### [PROBLEM TO WORK ON]
Produce a word-for-word copy of the lines from the one that contains "Greenish glass pendant" to the final line of the data below, with all pictures dropped.

### [Scraped caption text data]
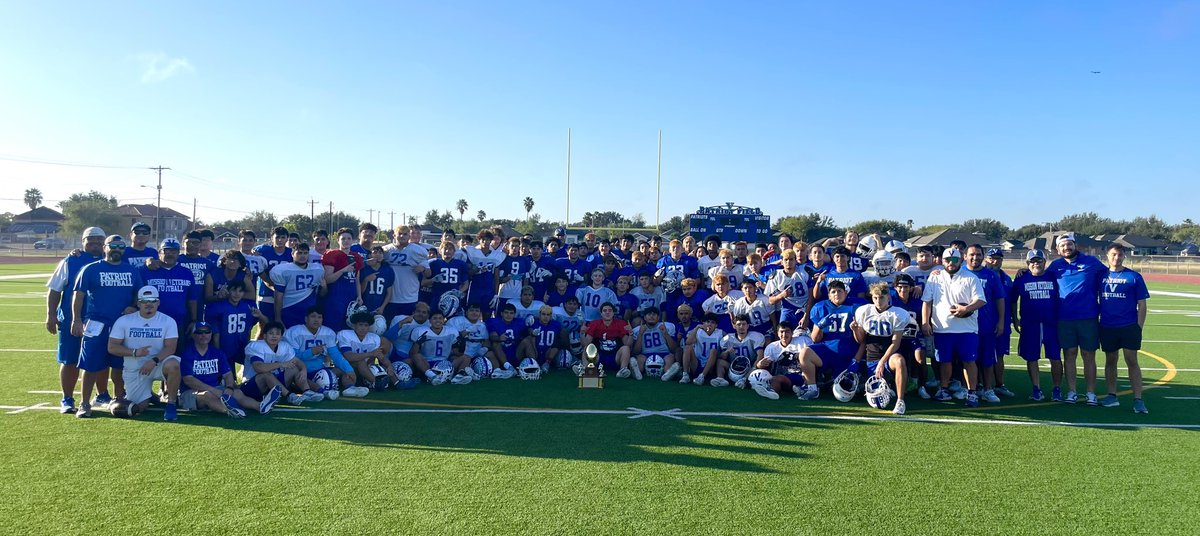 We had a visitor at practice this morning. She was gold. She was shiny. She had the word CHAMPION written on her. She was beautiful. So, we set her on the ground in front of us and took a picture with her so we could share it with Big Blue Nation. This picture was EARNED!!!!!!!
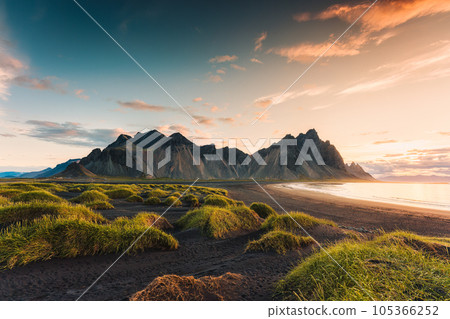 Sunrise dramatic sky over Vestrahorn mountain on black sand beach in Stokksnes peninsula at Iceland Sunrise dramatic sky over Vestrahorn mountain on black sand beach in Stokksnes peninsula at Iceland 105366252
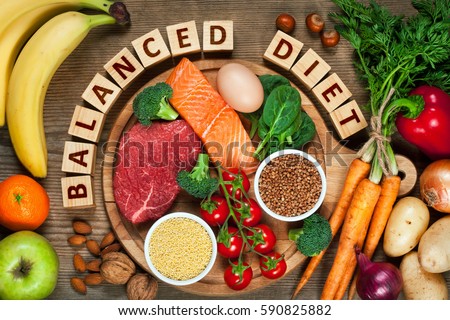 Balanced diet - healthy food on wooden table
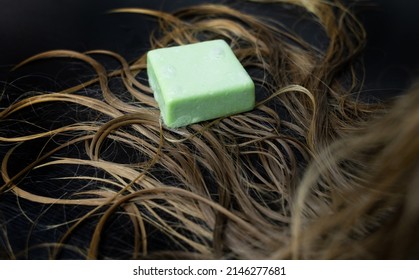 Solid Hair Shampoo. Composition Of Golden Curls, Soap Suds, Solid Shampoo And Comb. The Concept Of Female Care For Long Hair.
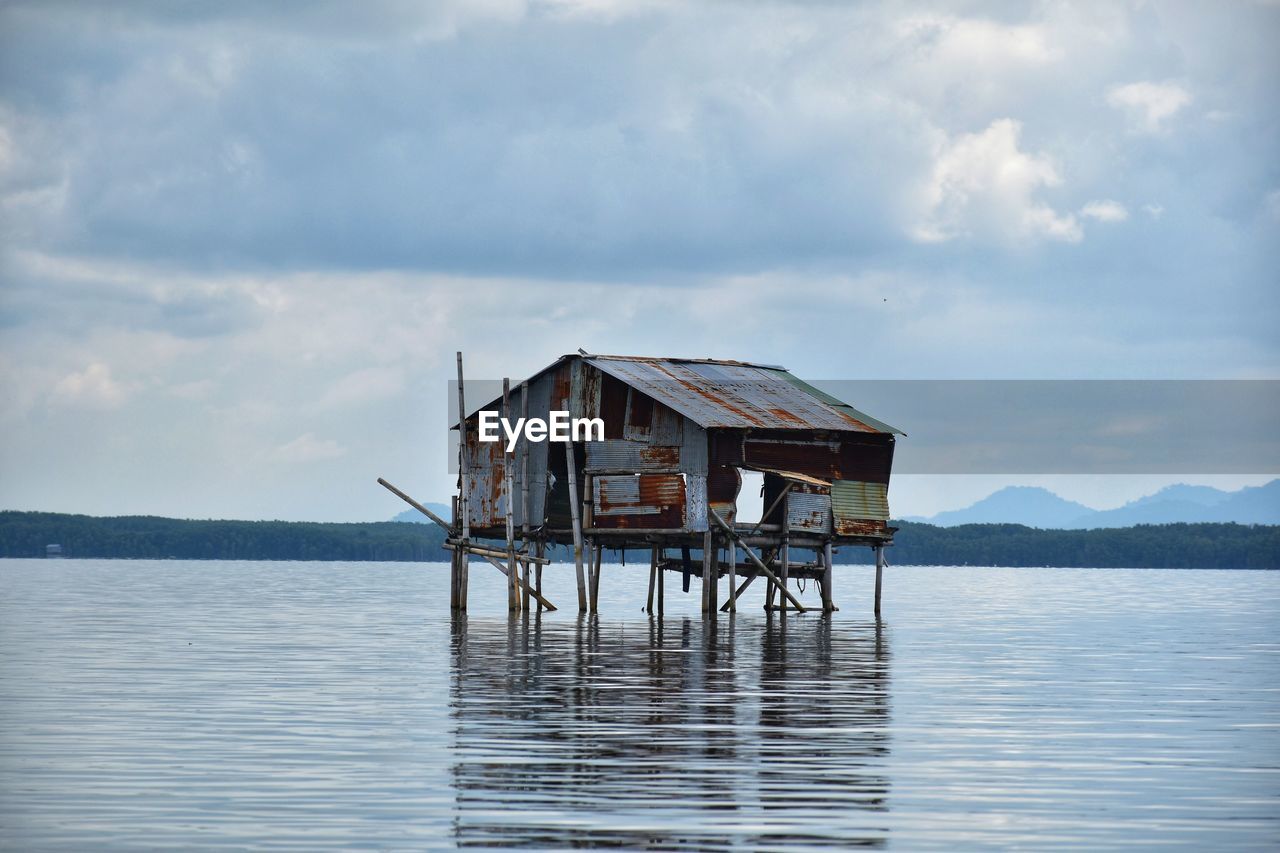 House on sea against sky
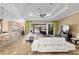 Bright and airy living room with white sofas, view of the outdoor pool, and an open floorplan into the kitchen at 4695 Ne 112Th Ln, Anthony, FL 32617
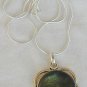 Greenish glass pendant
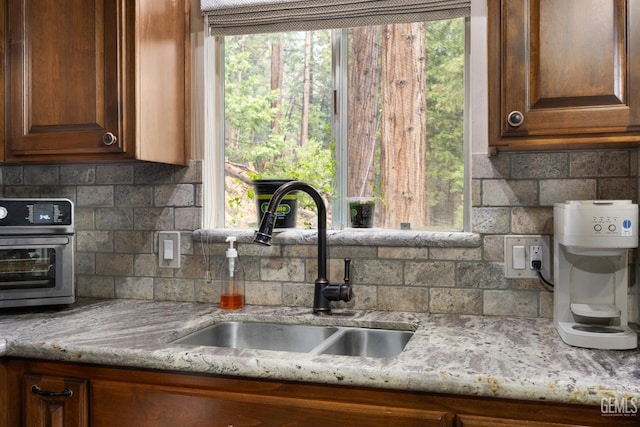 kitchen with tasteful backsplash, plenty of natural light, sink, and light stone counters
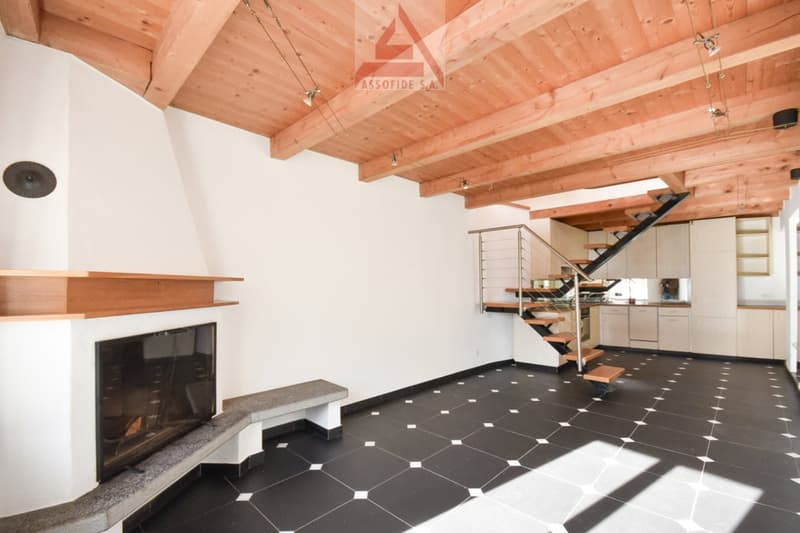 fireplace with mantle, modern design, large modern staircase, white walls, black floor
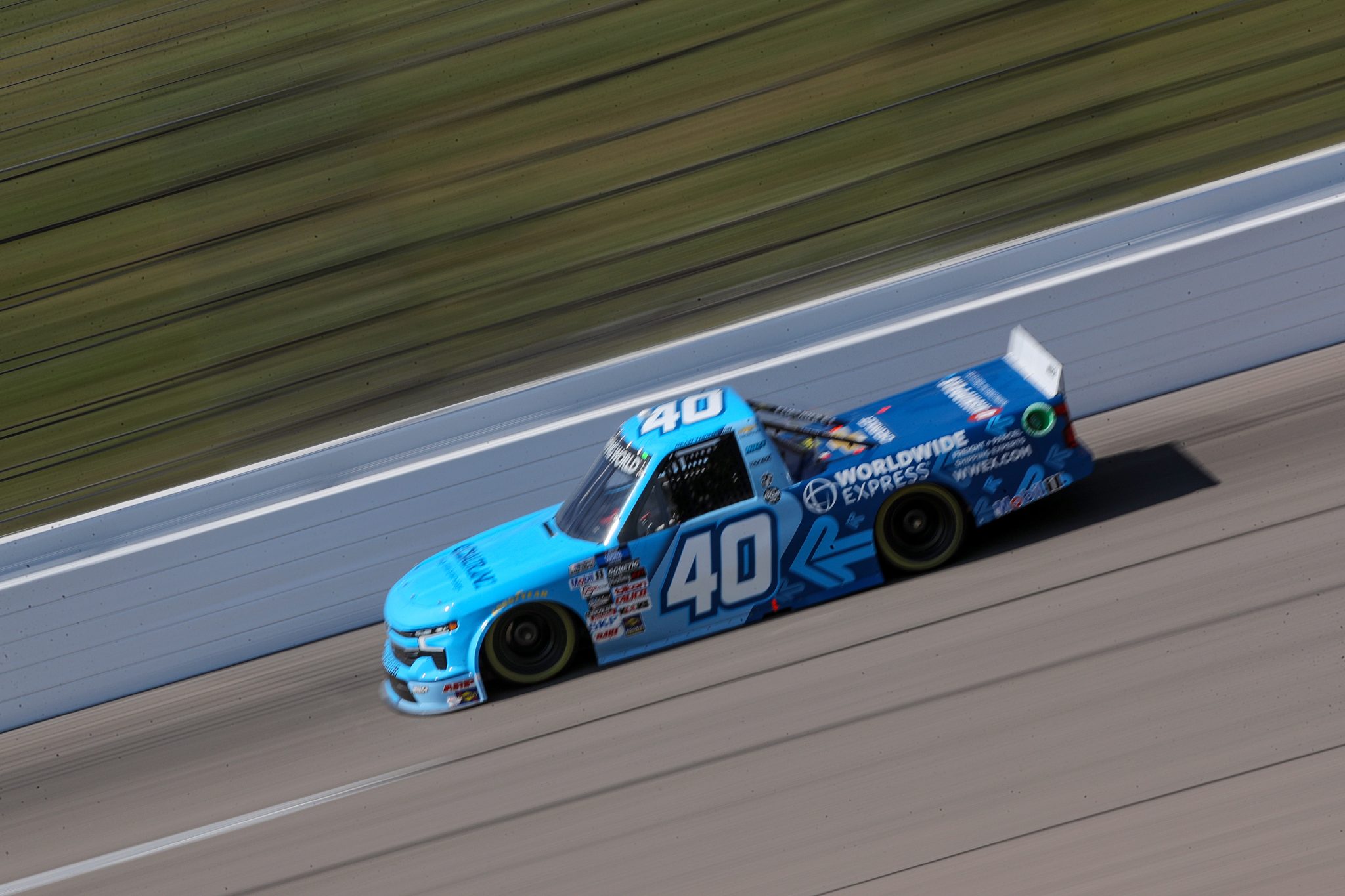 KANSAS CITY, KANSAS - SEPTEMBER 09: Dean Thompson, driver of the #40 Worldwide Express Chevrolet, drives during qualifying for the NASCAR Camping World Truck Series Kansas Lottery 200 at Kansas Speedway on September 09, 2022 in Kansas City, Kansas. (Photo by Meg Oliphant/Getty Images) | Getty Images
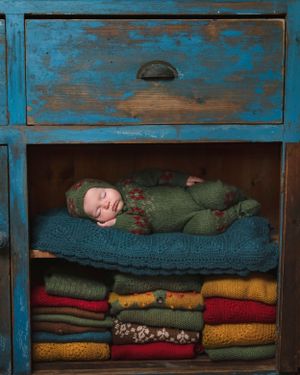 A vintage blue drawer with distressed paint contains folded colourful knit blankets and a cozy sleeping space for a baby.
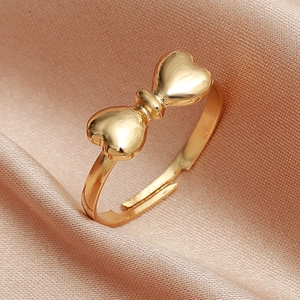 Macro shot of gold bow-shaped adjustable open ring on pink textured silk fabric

### [TASK RESPONSE]
 Greenish glass pendant
 kitchen with tasteful backsplash, plenty of natural light, sink, and light stone counters
 fireplace with mantle, modern design, large modern staircase, white walls, black floor
 KANSAS CITY, KANSAS - SEPTEMBER 09: Dean Thompson, driver of the #40 Worldwide Express Chevrolet, drives during qualifying for the NASCAR Camping World Truck Series Kansas Lottery 200 at Kansas Speedway on September 09, 2022 in Kansas City, Kansas. (Photo by Meg Oliphant/Getty Images) | Getty Images
 A vintage blue drawer with distressed paint contains folded colourful knit blankets and a cozy sleeping space for a baby.
 Macro shot of gold bow-shaped adjustable open ring on pink textured silk fabric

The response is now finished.